Got my truck last sat and wow...gave Black belt ninja (named truck) that super model down the brake booster and he shot out a load so big he felt like he gained 2 cy...

He was at 150k miles


----------



## fifty9singlecab (Aug 19, 2008)

*Mines doing the same thing.*

My 86.5 is doing the same thing. Mine didn't do it until I added sea foam. While spraying it in it sputtered the motor down and bucked and jumped for a second and then died. Then after it sat for about 10 min. I started it and it smoked like sea foam does and when I drove it down the road it misses at more than half throttle. You can ease up on the peddle and it will go fine but if you push it down it seems to be starving for fuel or seems to have a broken plug wire or something. I don't know. Ya'll tell us.


----------



## smikster (Aug 12, 2008)

check plugs...a very dirty engine with seafoam treatment can clog them...might very well burn off in a few days to


----------



## fifty9singlecab (Aug 19, 2008)

OK Thanks, I would say thats what mine is. It ran great before and I went to change the air filter and the carb looked dirty so my dumb butt sprayed sea foam in it. Now it runs rough over half throttle. My dad has already explained to me if it ain't broke don't fix it. But you live and learn. I'll drive it and see if it clears up and if not I will go and buy 8 plugs and do a change out.


----------



## smikster (Aug 12, 2008)

ehh just pull the plugs and clean again. went thew the carb? how did you spray it?


----------



## fifty9singlecab (Aug 19, 2008)

I sprayed it strait down the throat of the carb. Thats all. But sprayed quite a bit.


----------



## smikster (Aug 12, 2008)

...seafoam makes a spray but the stuff we all talk about comes in a pour can...and if you have a carb hey it works but i like to pull hoses off my truck and pour stuff in them....(I'm crazy lol)

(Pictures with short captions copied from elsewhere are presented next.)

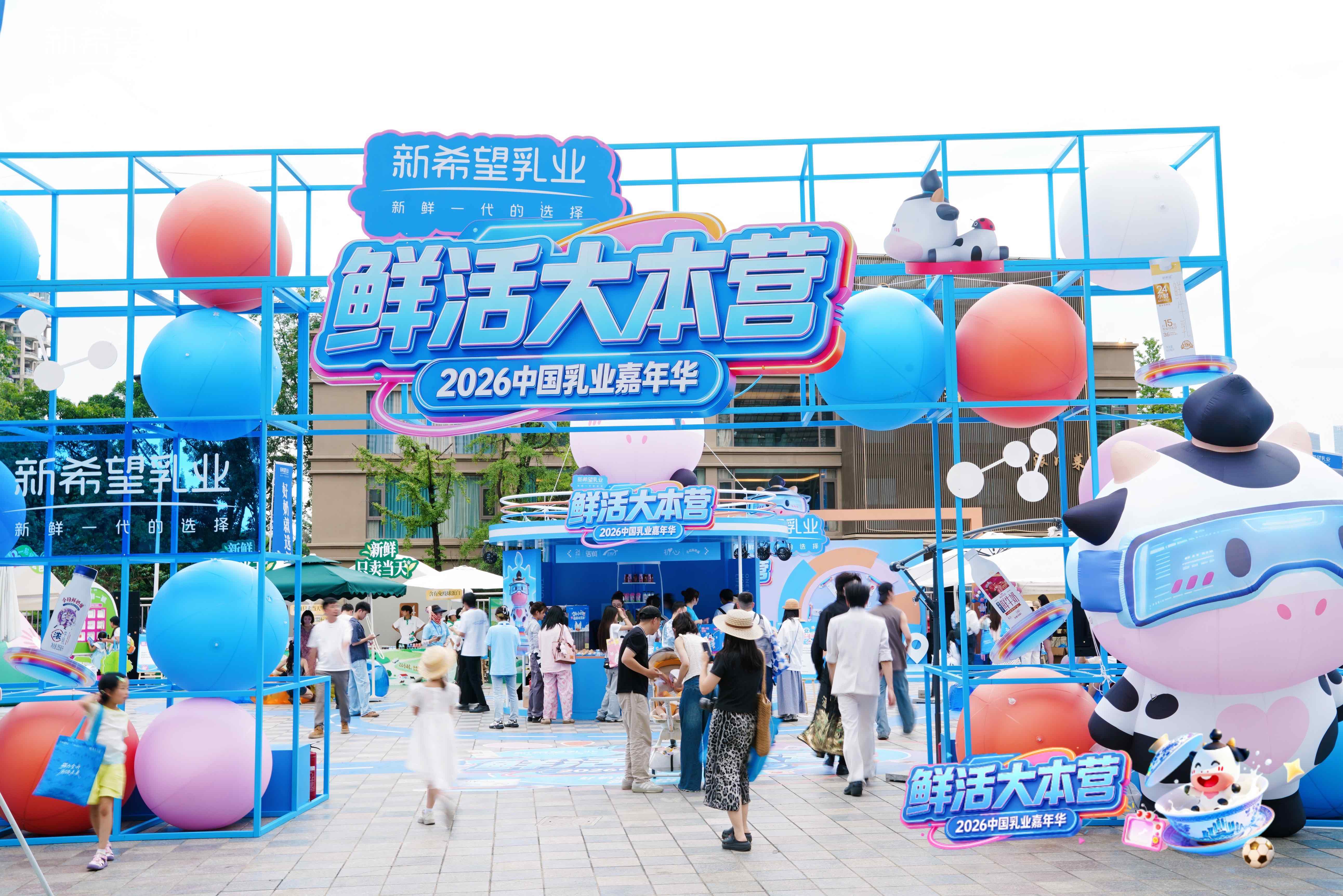饮品报 饮品新媒体 yinpinbao.cn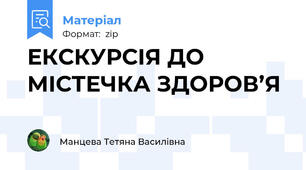 ЕКСКУРСІЯ ДО МІСТЕЧКА ЗДОРОВ’Я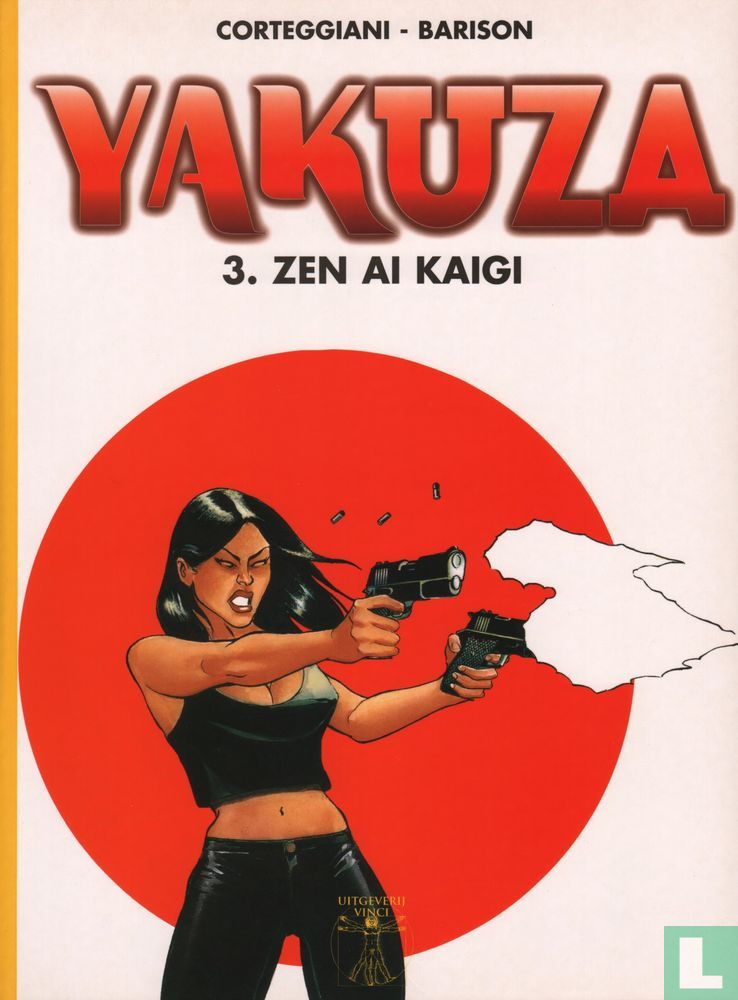 Zen ai kaigi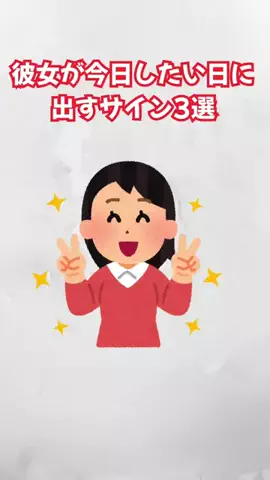 みんなの本音のTikTok投稿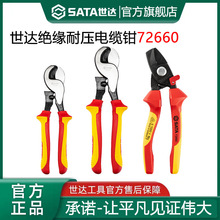 ���_7��VDE�^���͉���|�Q72660��|�ྀ�Q늹��S�޼�������70191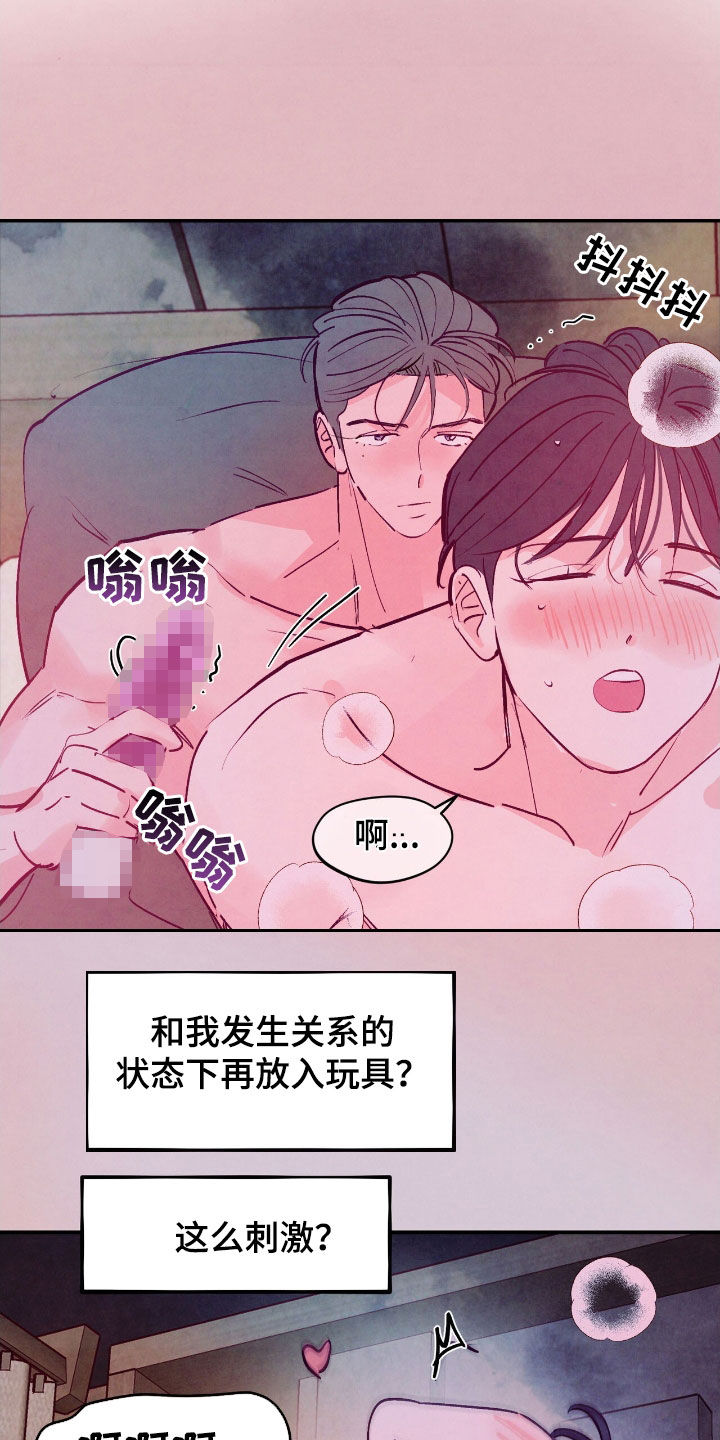 第161话6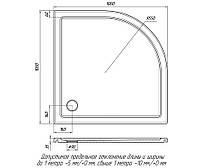 Душевой поддон «Жасмин» 1000/R550 Білий А100 глянець, фото 5
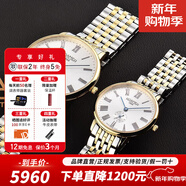 ROAMER瑞士羅馬表原裝進(jìn)口 薄款石英表 時(shí)尚男士女士對表 銀河情侶腕表 白盤(pán)間金鋼帶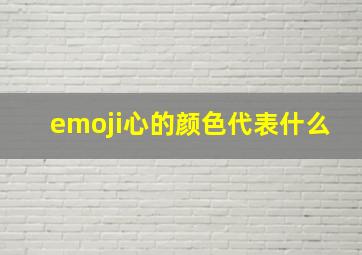 emoji心的颜色代表什么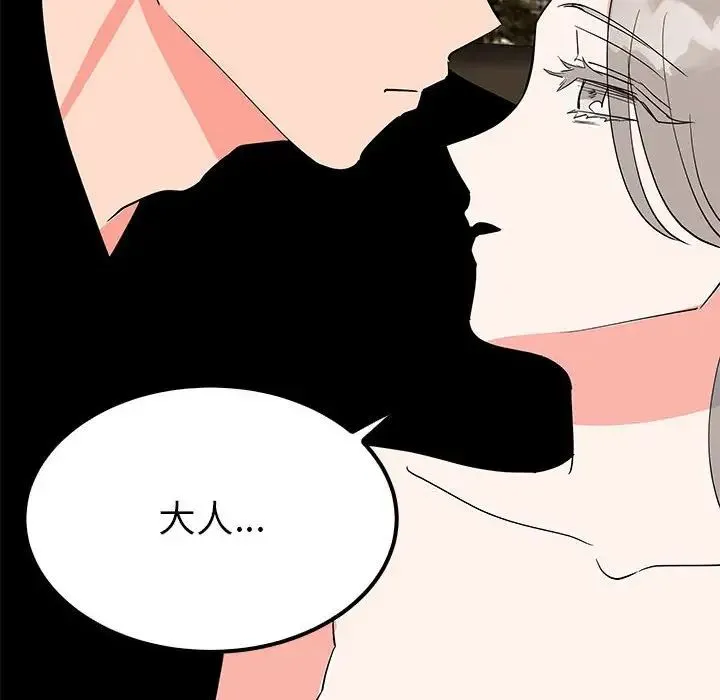 毒酒 - 第20話 - page 41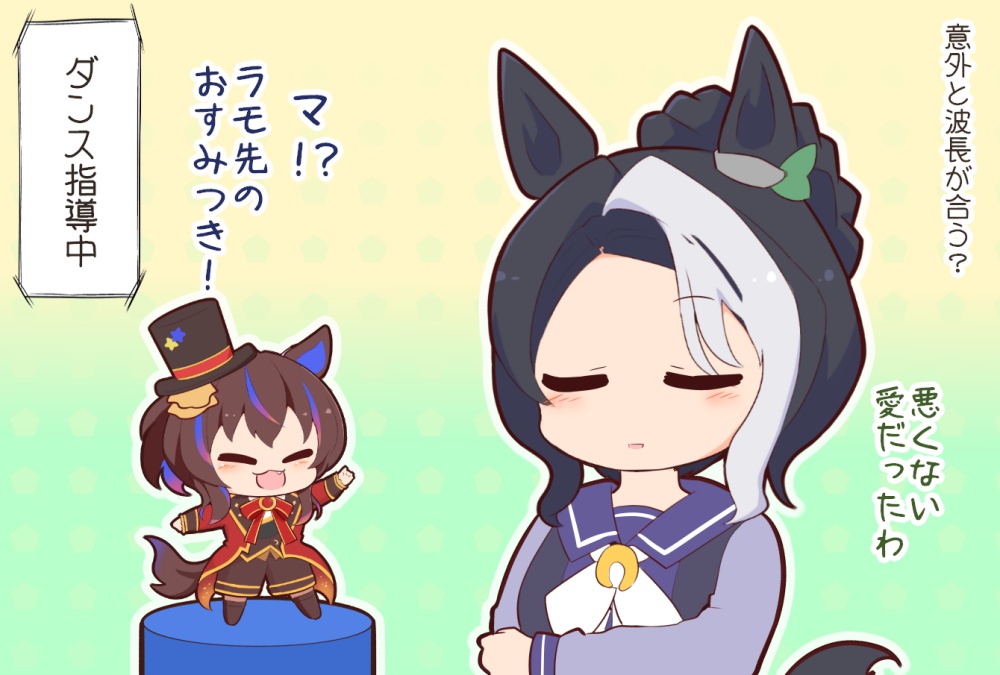 2girls, :d, animal_ears, black_hair, black_hat, black_shirt, blue_hair, blush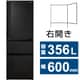 冷蔵庫 VEGETA（ベジータ） SCシリーズ（356L・幅60cm・右開き・3ドア・マットチャコール） GR-W36SC-KZ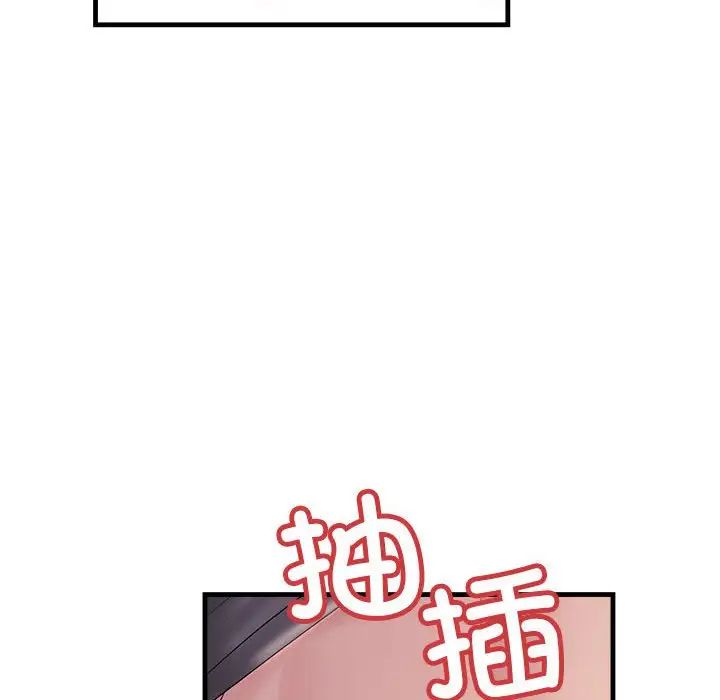 《不正常关系》漫画 第24話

i found something out today...

i'm sticking 31 1.5 15's on my truck when i get rich lol

and I've got it down to 2 and can't decide...one will cost me almost 200 more but i like and the other will do and will last longer...i feel like a woman with something bleeding and I'm at walmart at 2 in the morning...ahhh night


----------



## fifty9singlecab (Aug 19, 2008)

Yes what I have pours out but I have it in a windex bottle so I can stream it or fog it.


----------